Pipes (in code)
A pipe is a form of redirection that is used in Linux and other Unix-like operating systems to send the output of one program to another program for further processing. It is a temporary direct connection between two or more simple programs. This connection makes possible the performance of some highly specialized task that none of the constituent programs could perform by themselves. It allows them to operate simultaneously while data is transferred between them continuously. *
Pipes (in poem)
In poem, a pipe is an intentional disruption of metre. Thus, it redirects. It signals that a connection is to be made with the words preceding the pipe and the words succeeding the pipe. Each nexus (group of letters, words, lines or stanzas—the fore and the aft) should be understood as an independent entity with meaning. It is in the interpretation of the pipe (not the nexuses), where the generative meaning of the poem lies. This collaborative meaning is the specialized task performed that neither nexus was able to accomplish without its counterpart (or the pipe). Each nexus holds its individual meaning while creating a new and shared meaning with another nexus.
The words, although the first experience of the user, are secondary. The pipe reveals the primordial meaning. **
It is helpful to think of a poem containing a pipe(s) as a puzzle—a mystery. The designer establishes a conversation with the player through use of common written words. The pipe is the primitive solution to the puzzle. The maker wants the player to figure it out and does so by teaching them a new language—one that expands the imagination and allows them to see what previously was hidden. ***
A pipe is designated by the vertical bar character (|). It should be read aloud as \ ˈpīp \. It is appropriate to pause both before and after pronouncing the pipe. Poems containing pipes should be read at least once top to bottom, and at least once bottom to top. By oscillating the order of the reading, the interpreter reinforces the ideas of simultaneousness and continuousness as the interpretation of the pipe begins.
I am a
The immediate, yet secondary, interpretation:
It is a poem about loneliness. The sparse aesthetic structure itself and the sheer scarcity of words suggest isolation—even depression. It has a certain present sadness.
To interpret the pipe:
First, the meaning of nexus one(Nx1):
It is a collection of words about personal identity…seemingly incomplete. What are you?
Second, the meaning of nexus two (Nx2):
It is a collection of letters meaning solitary or isolated
The reader begins to hear and feel that the pipe is actually dividing a word—“alone”. The pipe (Pp1) is a division.
The intersection of nexuses defines the pipe:
A division between what should have been the object for the statement “I am a _____”. The writer’s identity is unclear and divided.
It is a poem about obstructed identity.

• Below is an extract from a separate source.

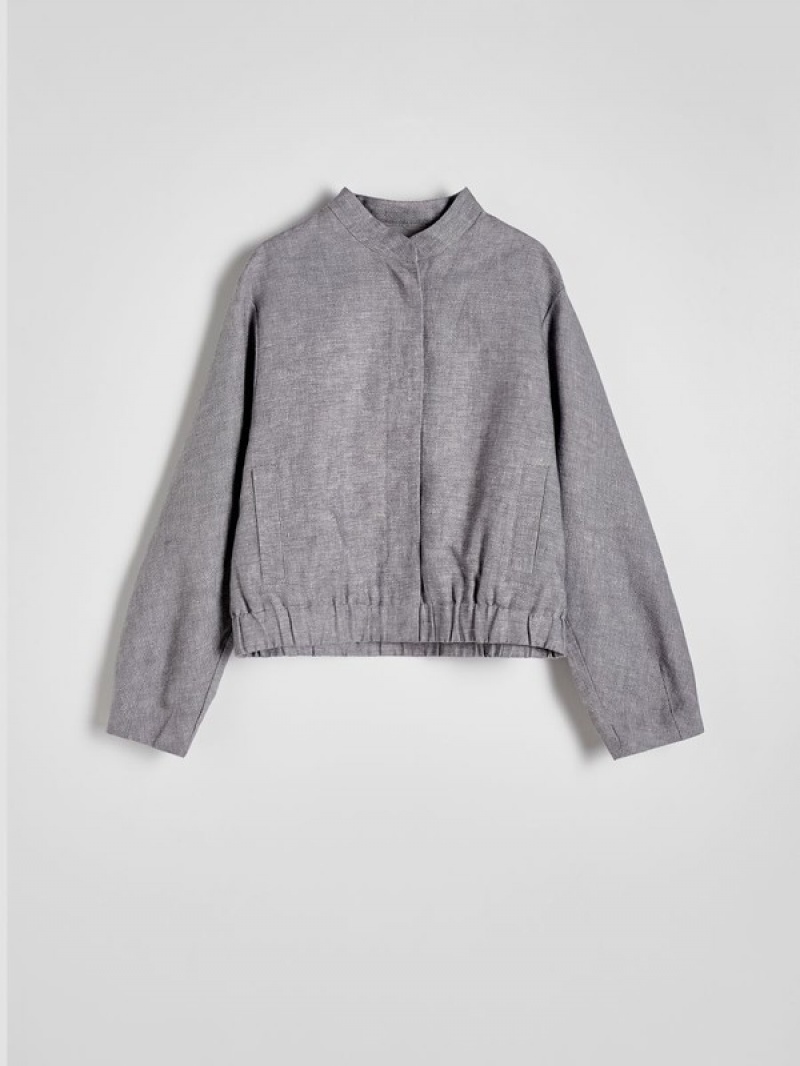 Reserved Linen Bomber Jacken Damen Hellgrau | NGX-945283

It is about the struggle between two conflicting projections of who the writer actually is.
The secondary interpretation still holds true. Depression via isolation is an outcome of the interior struggle, but it is not the primary meaning of the poem. This primary meaning is found through the collaboration of nexuses via the pipe.
A Response to a Common Critique
Couldn’t I deploy the same meaning to the reader without the pipe? I could use more words, stanzas, etc. to explain my position.
I answer: Yes—of course. By all means.
The purpose of the pipe is to intentionally not use the language of written words. The purpose of the pipe is initiate imaginative thought in which words can become unnecessary—even restrictive. In the above example, when we say, “The poem is about obstructed reality,” we fall short because the language of written words is by nature finite. To go back to the puzzle analogy, the maker desires to teach a new language—one without written words. The contemplative space that the puzzle is solved in becomes the place of discovering meaning. There is no need to write it down (indeed there may not be words) lest you find yourself in a discursive discussion as outlined above. Our current societal organization demands just such discussion—hence my writing of this essay. It is, however, interesting to think of a time when such academic discussion will be unnecessary. Written language (although an amazing innovation of which our gratitude to our predecessors is appropriate) may not be the end game. It may be a starting point.
*Content adapted from the Linux Information Project.
**The Philosophy of Organism developed by Alfred Whitehead and Twistor Theory developed by Roger Penrose were responsible for the thought in this section.
***The writing of Brit Marling and Zal Batmanglij for the episodic film The OA helped me to develop this section.